### Work task
The answer is an exact copy of the lines from the one with "Rede de Ressalto" to the end of the listing below, pictures left out.
>>>
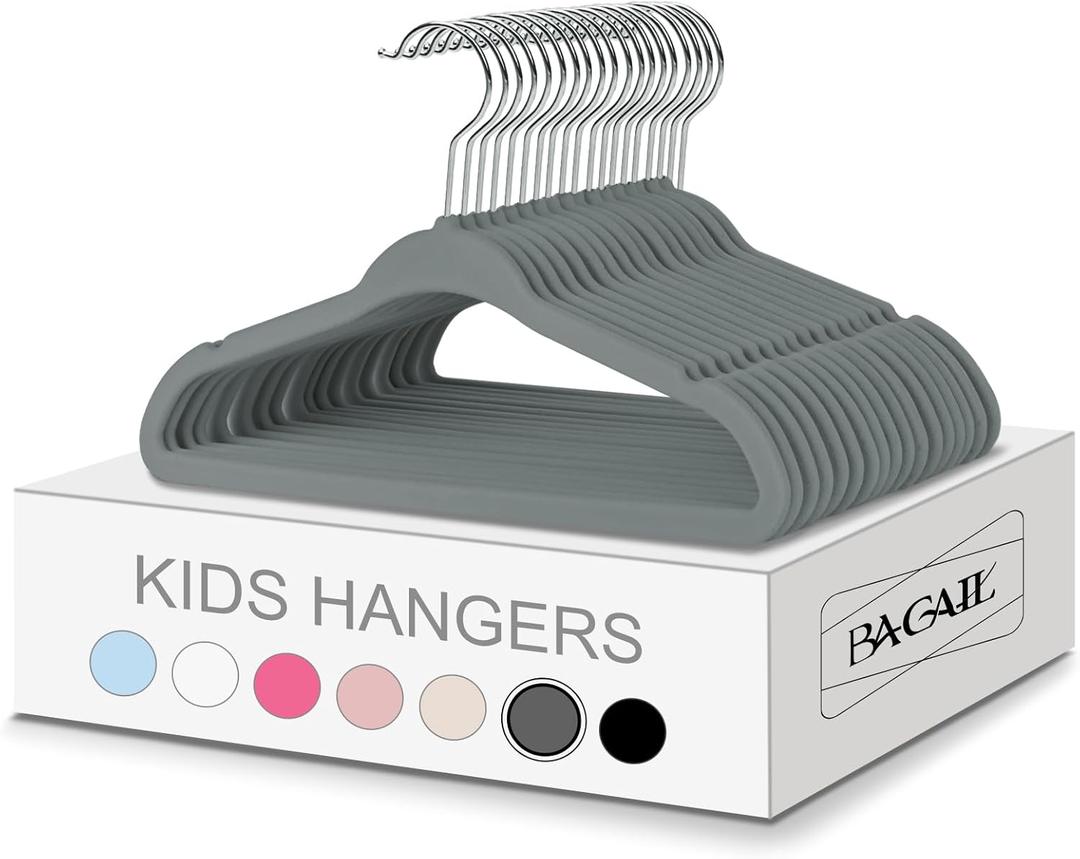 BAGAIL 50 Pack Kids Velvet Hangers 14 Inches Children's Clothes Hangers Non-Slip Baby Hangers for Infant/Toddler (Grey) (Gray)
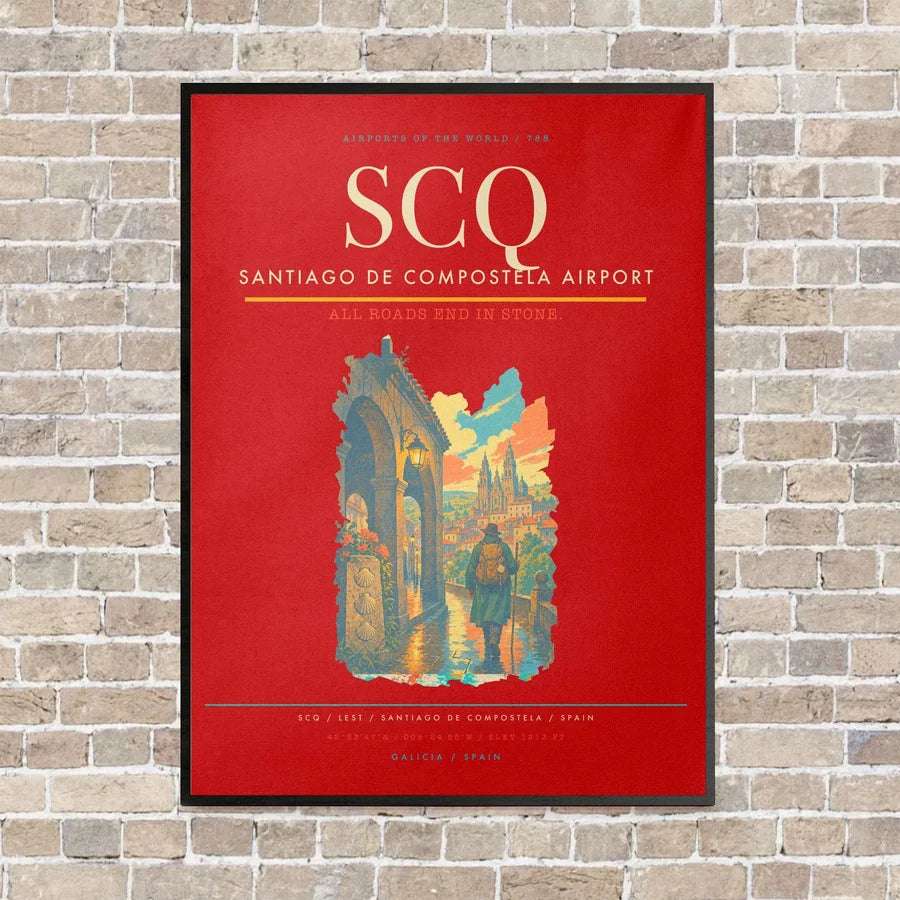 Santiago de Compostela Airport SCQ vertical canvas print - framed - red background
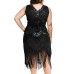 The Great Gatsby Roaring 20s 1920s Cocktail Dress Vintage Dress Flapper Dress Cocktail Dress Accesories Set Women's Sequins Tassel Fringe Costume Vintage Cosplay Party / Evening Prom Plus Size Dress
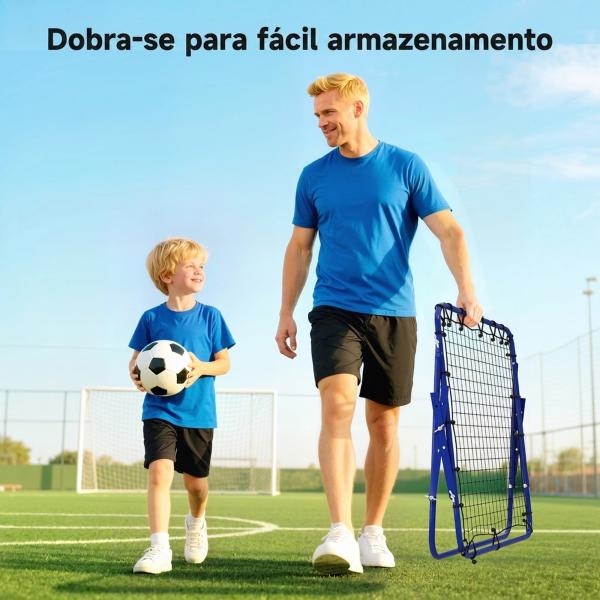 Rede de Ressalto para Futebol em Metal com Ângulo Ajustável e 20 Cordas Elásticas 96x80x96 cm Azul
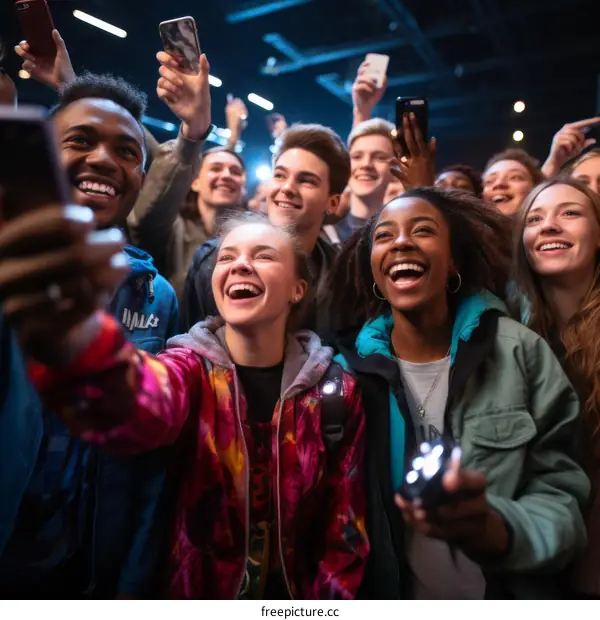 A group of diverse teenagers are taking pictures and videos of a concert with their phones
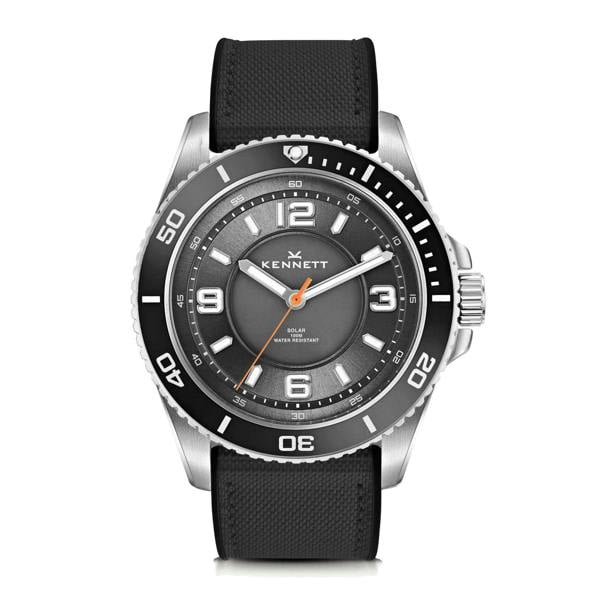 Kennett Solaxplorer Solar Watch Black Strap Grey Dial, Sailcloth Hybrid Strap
<<<
### Task output
 Rede de Ressalto para Futebol em Metal com Ângulo Ajustável e 20 Cordas Elásticas 96x80x96 cm Azul
 A group of diverse teenagers are taking pictures and videos of a concert with their phones
 Kennett Solaxplorer Solar Watch Black Strap Grey Dial, Sailcloth Hybrid Strap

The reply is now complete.